◆ **Exercise prompt**: The lines from the one with "Homespun Knitwear Pinky" through the last line of the material below, copied exactly and free of pictures, make up the whole answer.

◆ **Excerpted data**:

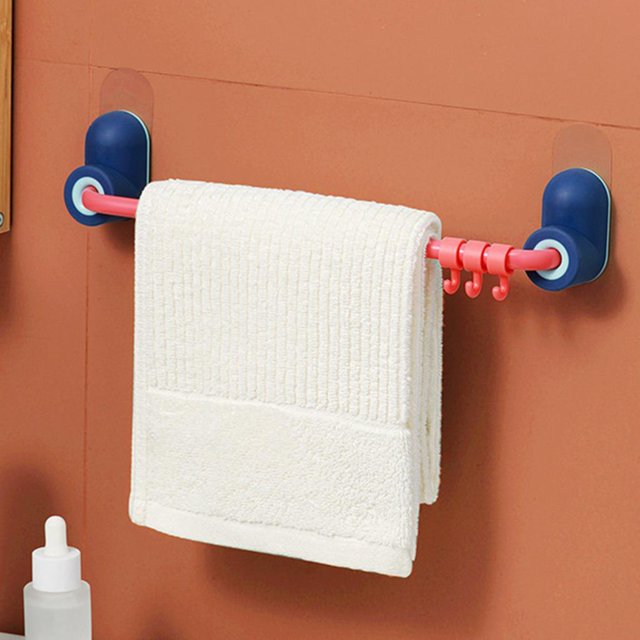 Toallero adhesivo en , estante de barra inconfundible sin perforaciones de 12,2 pulgadas, a prueba de herrumbre con toallero de gancho azul Macarena estante de pared de baño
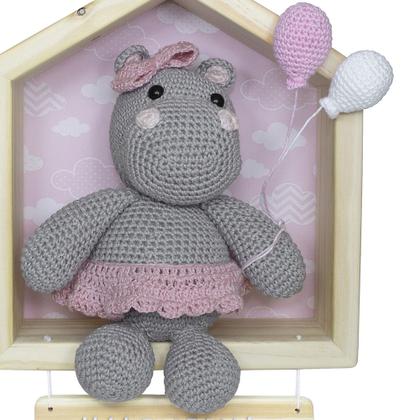 Imagem de Porta Maternidade Casinha Hipopótamo Menina Crochê Quarto Bebê Infantil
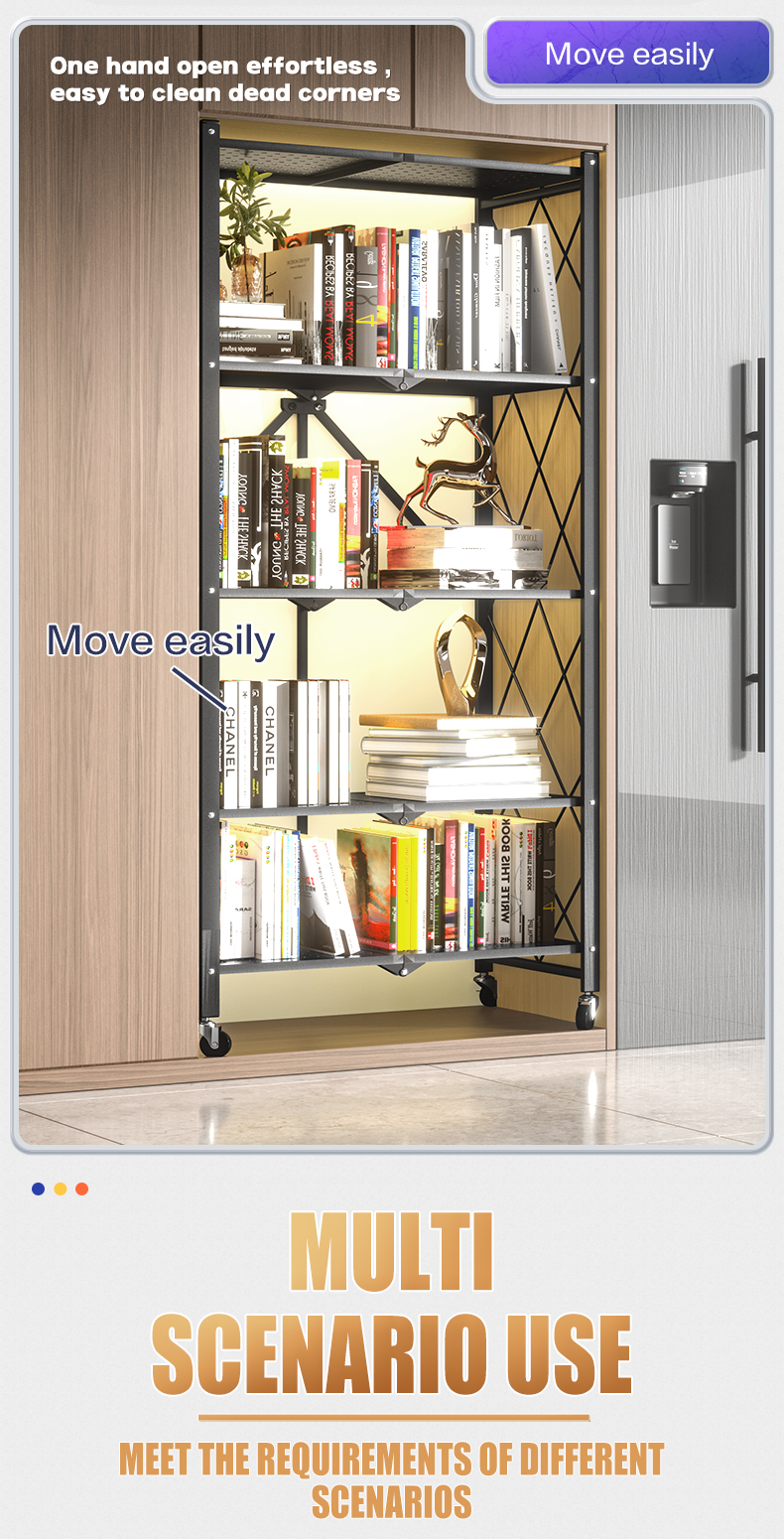 Kitchen folding organizer shelf structure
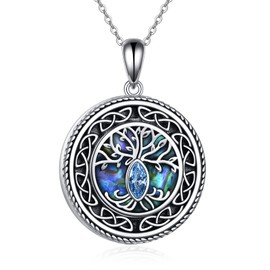 VONALA Abalone Tree of life Necklace for Women 925 Sterling silver Tree of life Jewelry Tree of life Gift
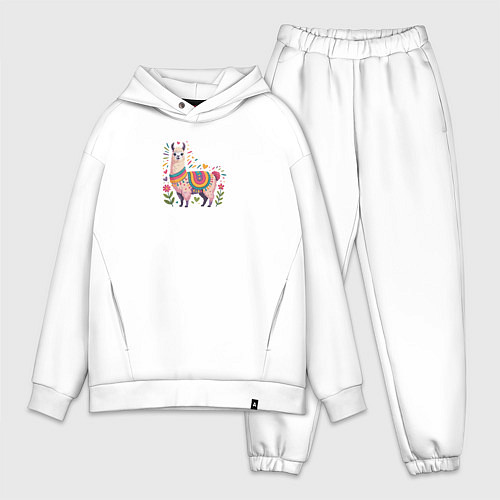 Мужской костюм оверсайз Альпака с сердечками и цветами / Белый – фото 1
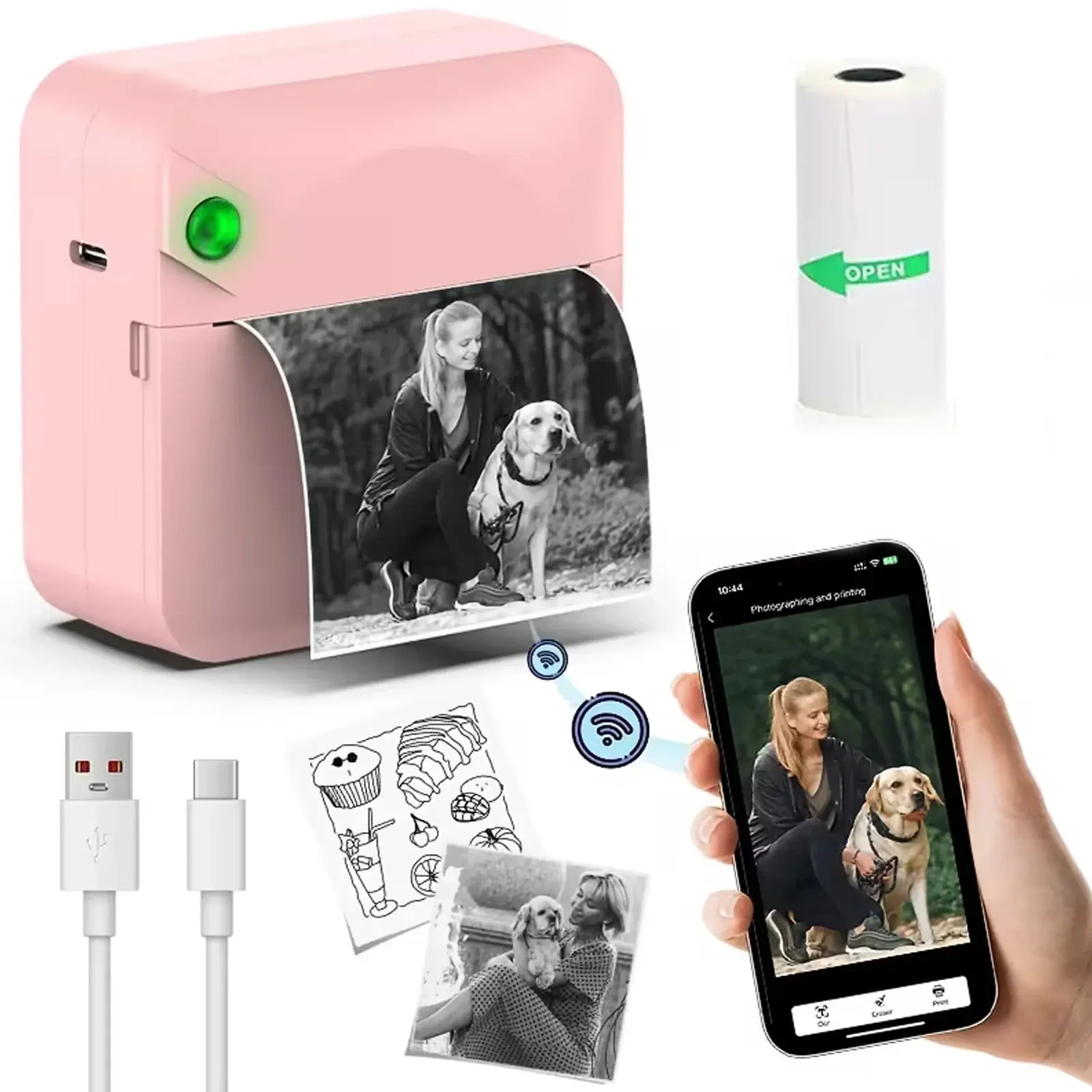 Mini Thermal Sticker Printer Pocket Photo Label Note Printer Inkless Compact Printer for Photos, Labels, Notes Compatible with iOS & Android Available in Pink and Blue Ideal for Learning, Office, and DIY Projects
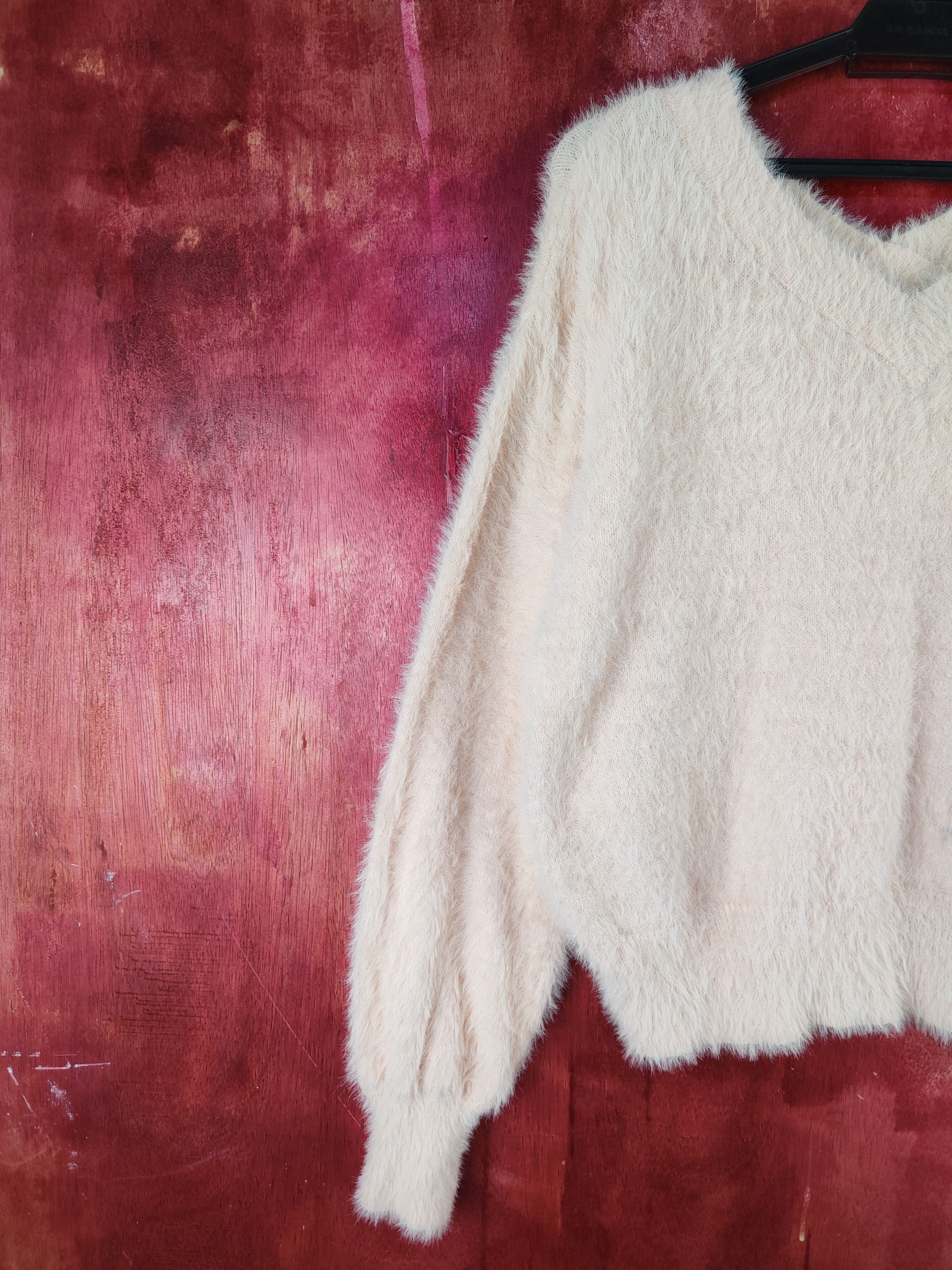 Homespun Knitwear Pinky Orange Shag Shaggy Fur Mohair Knitwear #S2108 Size M / US 6-8 / IT 42-44 - 3 Thumbnail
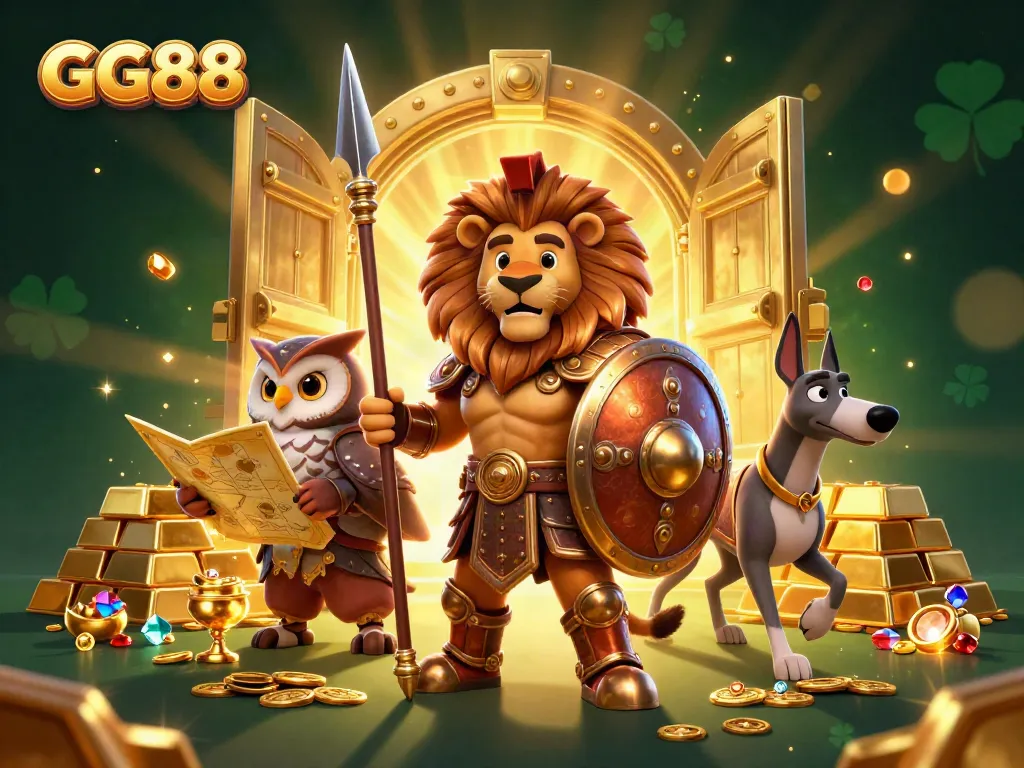 Engage with GG88's thrilling casino ecosystem featuring a Spartan lion, tactical owl, and swift greyhound amidst treasures and gold.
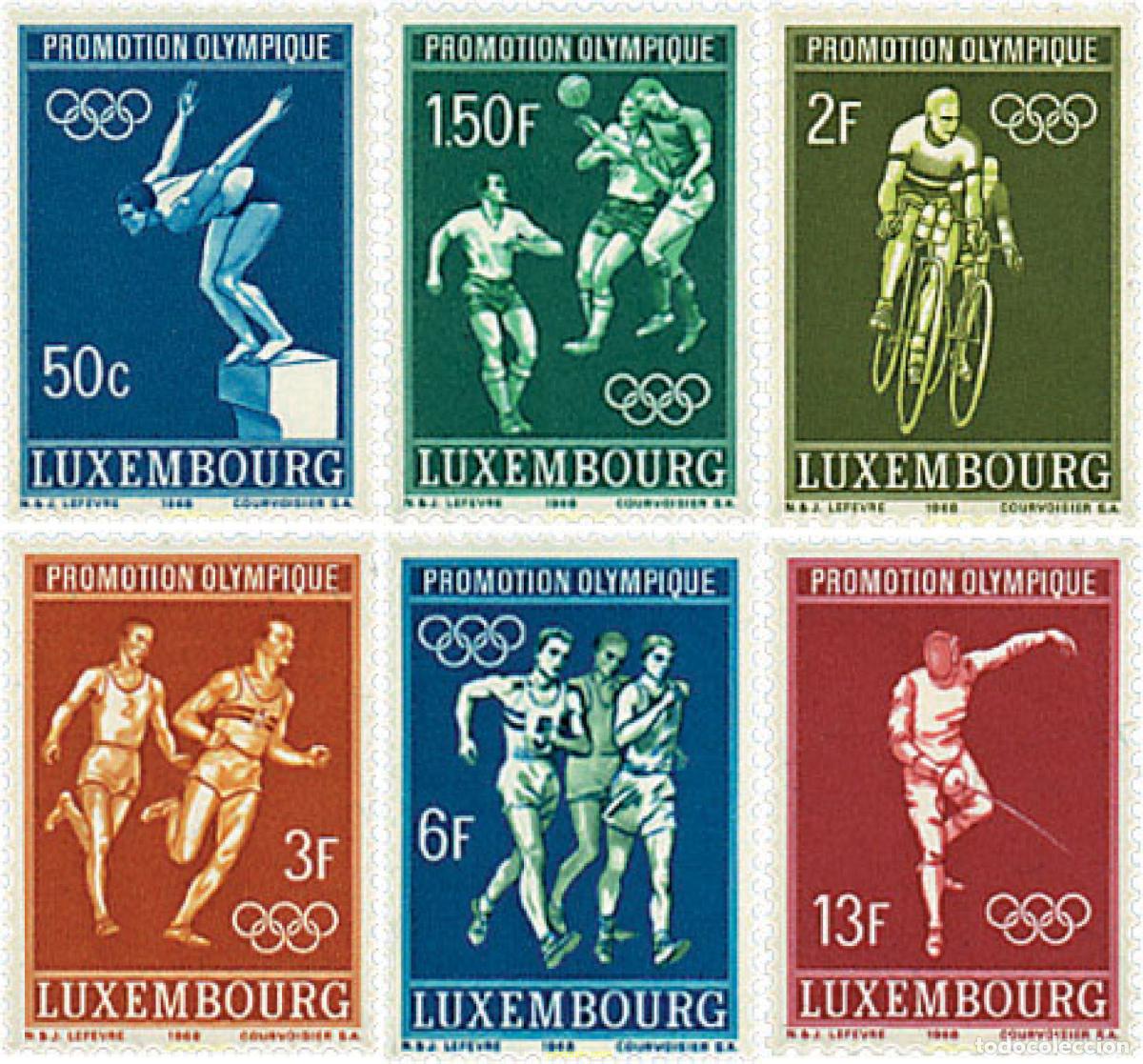 Sellos: 97410 MNH LUXEMBURGO 1968 19 JUEGOS OLIMPICOS VERANO MEXICO 1968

◆ **Written answer**:
 Homespun Knitwear Pinky Orange Shag Shaggy Fur Mohair Knitwear #S2108 Size M / US 6-8 / IT 42-44 - 3 Thumbnail
 Engage with GG88's thrilling casino ecosystem featuring a Spartan lion, tactical owl, and swift greyhound amidst treasures and gold.
 Sellos: 97410 MNH LUXEMBURGO 1968 19 JUEGOS OLIMPICOS VERANO MEXICO 1968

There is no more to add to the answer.